MATERIAL SHOWN Block Start

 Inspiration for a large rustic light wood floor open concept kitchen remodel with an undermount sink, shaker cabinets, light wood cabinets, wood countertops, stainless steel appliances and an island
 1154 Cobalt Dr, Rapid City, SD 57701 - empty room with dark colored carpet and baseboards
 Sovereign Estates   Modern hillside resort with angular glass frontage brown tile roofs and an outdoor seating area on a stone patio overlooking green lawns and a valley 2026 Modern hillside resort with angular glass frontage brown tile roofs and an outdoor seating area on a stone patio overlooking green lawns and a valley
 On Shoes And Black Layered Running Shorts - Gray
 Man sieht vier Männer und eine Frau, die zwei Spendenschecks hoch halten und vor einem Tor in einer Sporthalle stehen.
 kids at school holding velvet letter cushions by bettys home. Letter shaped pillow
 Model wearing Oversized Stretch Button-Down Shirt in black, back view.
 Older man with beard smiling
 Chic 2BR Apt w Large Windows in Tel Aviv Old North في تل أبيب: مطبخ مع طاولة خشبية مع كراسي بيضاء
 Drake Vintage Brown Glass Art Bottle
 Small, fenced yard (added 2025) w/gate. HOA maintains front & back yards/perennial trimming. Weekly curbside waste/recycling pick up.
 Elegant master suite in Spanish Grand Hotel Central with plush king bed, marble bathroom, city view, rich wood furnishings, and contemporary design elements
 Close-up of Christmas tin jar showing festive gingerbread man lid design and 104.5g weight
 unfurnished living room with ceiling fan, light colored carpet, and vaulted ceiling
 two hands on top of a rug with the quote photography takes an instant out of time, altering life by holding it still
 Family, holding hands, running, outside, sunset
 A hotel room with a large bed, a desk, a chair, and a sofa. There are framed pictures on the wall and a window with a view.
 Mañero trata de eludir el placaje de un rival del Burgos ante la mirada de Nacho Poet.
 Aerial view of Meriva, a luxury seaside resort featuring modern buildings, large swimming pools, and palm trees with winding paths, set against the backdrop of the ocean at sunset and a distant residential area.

MATERIAL SHOWN Block End

> THE TASK:
State the number of lines in the material holding the word "hands". Add nothing else.

> RESULT OF THE EXERCISE:
2